**TASK:**
Copy everything in the listing below word for word, apart from any images.

**INFORMATION PROVIDED:**
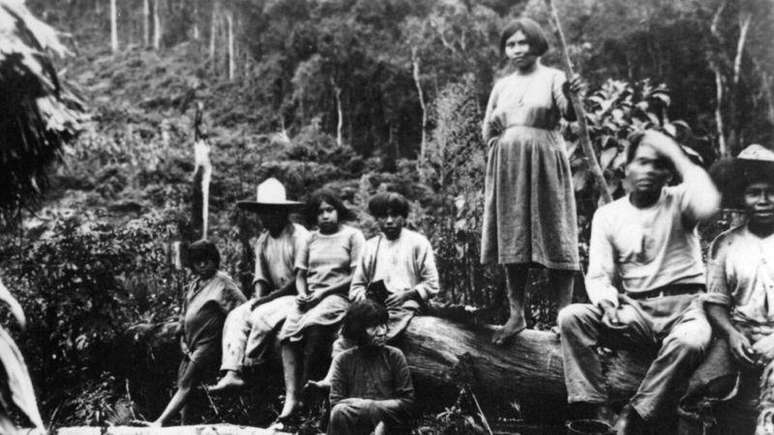 Comunidade Xokleng ap&oacute;s o contato com os brancos (data desconhecida)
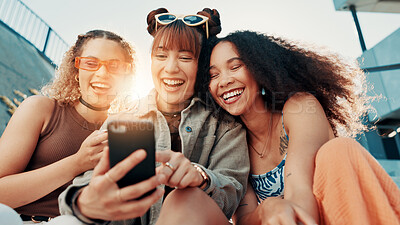 Buy stock photo Selfie, group and women with smile, fashion and profile picture with happiness, support and streetwear. Funny, people and friends in city, laughing or humor with diversity together or youth culture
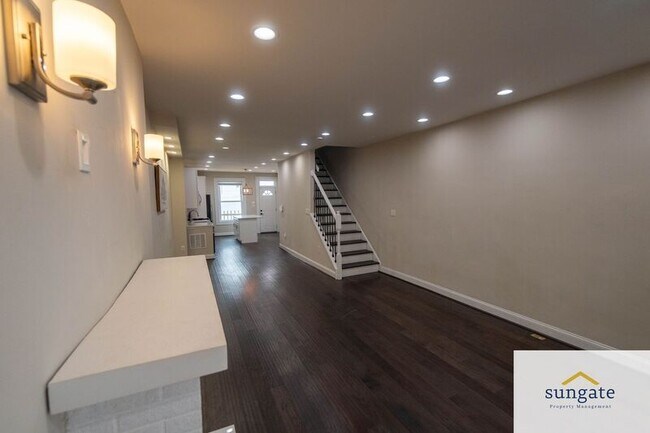 Building Photo - 442 N Linwood Ave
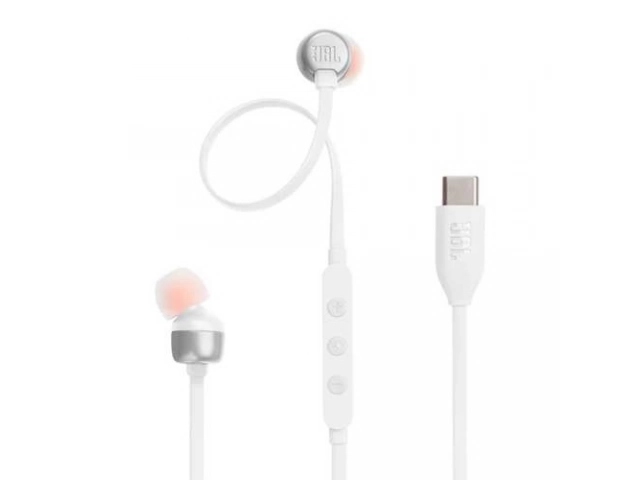 Auriculares JBL Tune 310C blancos con conector USB-C, mostrando su cable plano anti-enredos y diseño confortable. Avlis Uruguay.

**EXERCISE RESULT:**
 Comunidade Xokleng ap&oacute;s o contato com os brancos (data desconhecida)
 Buy stock photo Selfie, group and women with smile, fashion and profile picture with happiness, support and streetwear. Funny, people and friends in city, laughing or humor with diversity together or youth culture
 Building Photo - 442 N Linwood Ave
 Auriculares JBL Tune 310C blancos con conector USB-C, mostrando su cable plano anti-enredos y diseño confortable. Avlis Uruguay.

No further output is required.